**About this exercise:** With the pictures left out, write out exactly the lines of the listing below that run from the line with "Miniatyrbild 1 av" through the line with "Hilton Munich City, Primary image".

**Stored data:**
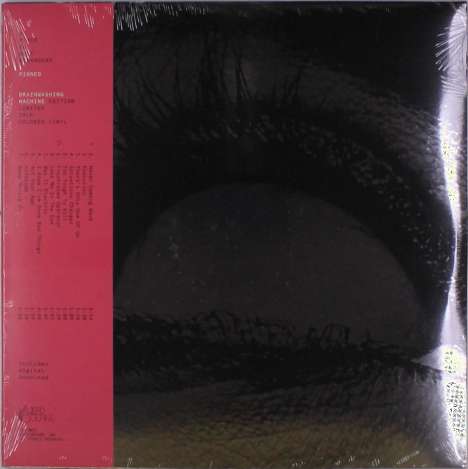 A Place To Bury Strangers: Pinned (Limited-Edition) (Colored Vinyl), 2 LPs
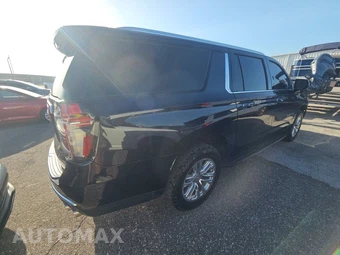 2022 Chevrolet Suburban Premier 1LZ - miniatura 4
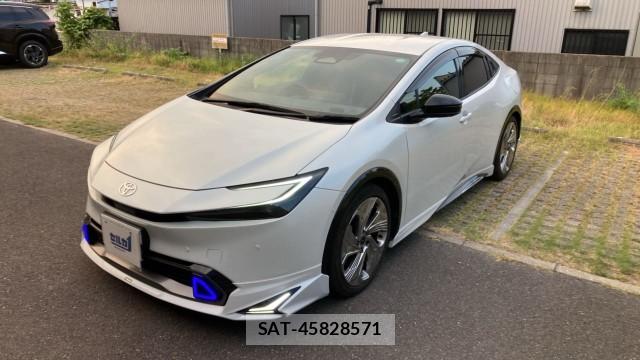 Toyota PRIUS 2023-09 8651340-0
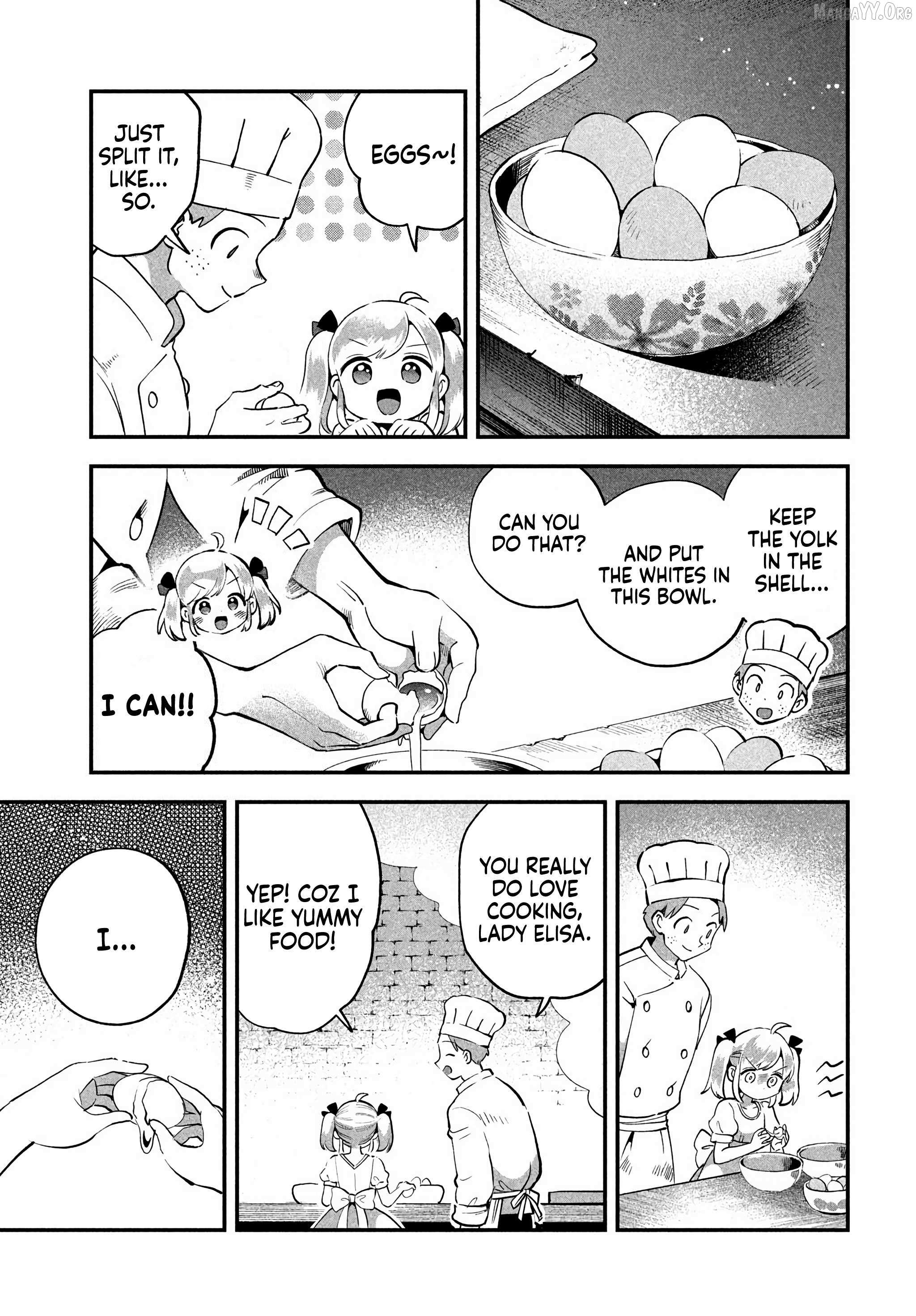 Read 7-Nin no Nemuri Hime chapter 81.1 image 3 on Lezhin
---
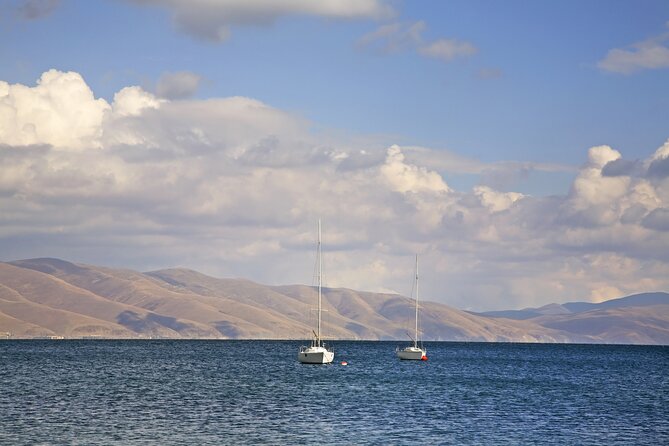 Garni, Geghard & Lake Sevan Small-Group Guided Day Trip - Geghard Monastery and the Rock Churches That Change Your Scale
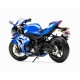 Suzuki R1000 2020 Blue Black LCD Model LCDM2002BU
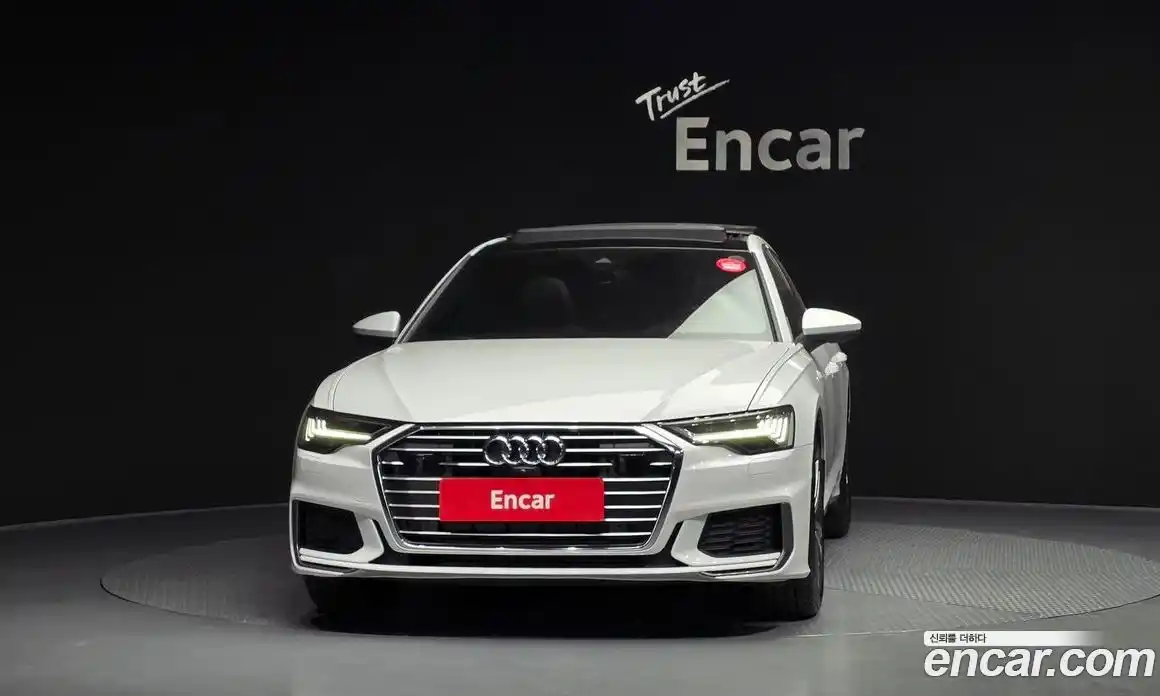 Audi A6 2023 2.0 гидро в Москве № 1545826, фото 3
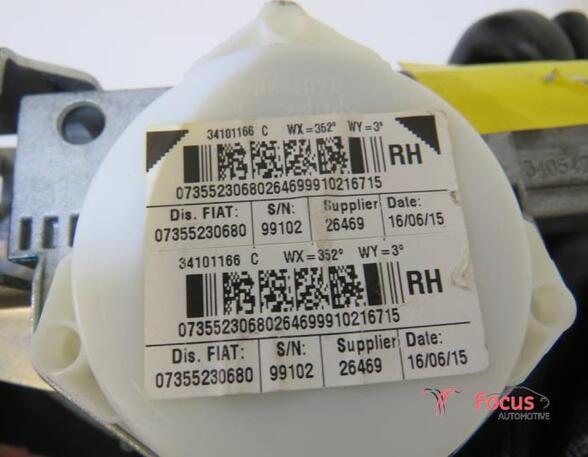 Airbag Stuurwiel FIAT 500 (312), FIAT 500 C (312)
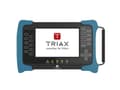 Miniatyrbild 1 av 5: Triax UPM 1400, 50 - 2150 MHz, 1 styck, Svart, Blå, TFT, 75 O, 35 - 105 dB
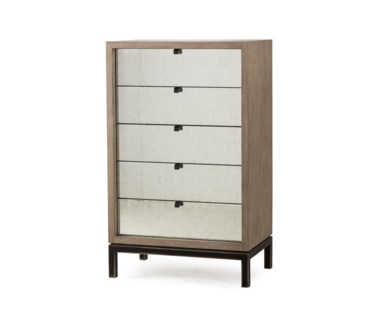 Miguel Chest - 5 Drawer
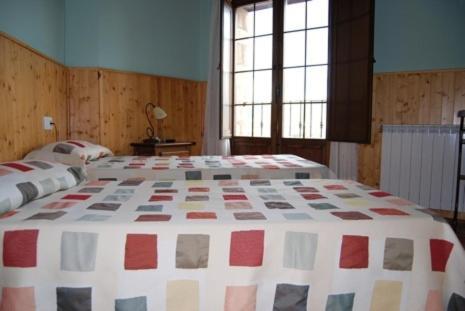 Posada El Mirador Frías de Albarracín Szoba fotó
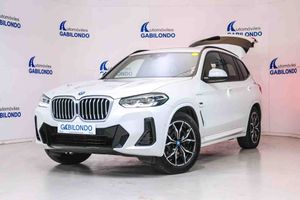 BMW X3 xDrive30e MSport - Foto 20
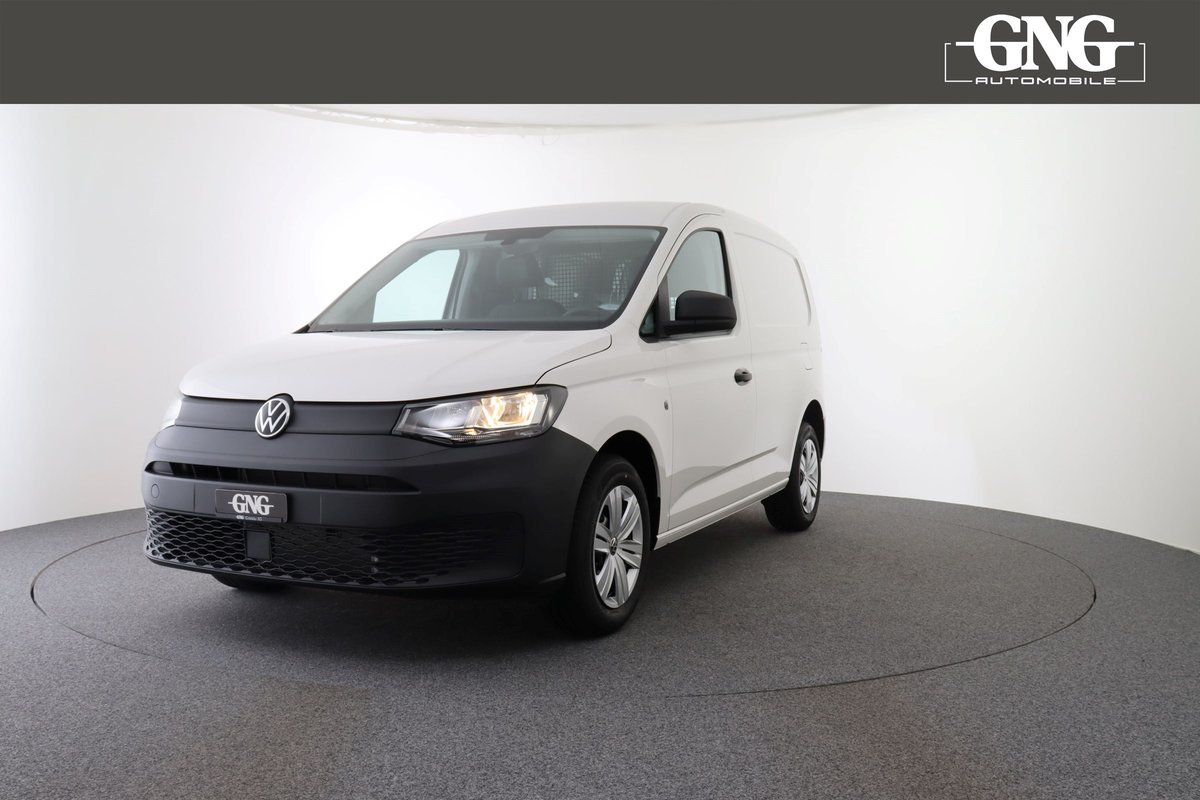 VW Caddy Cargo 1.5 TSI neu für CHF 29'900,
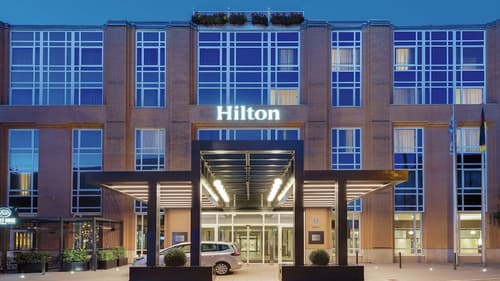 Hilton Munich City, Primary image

**Written reply:**
 Miniatyrbild 1 av 5: Triax UPM 1400, 50 - 2150 MHz, 1 styck, Svart, Blå, TFT, 75 O, 35 - 105 dB
 Miguel Chest - 5 Drawer
 Posada El Mirador Frías de Albarracín Szoba fotó
 BMW X3 xDrive30e MSport - Foto 20
 VW Caddy Cargo 1.5 TSI neu für CHF 29'900,
 Hilton Munich City, Primary image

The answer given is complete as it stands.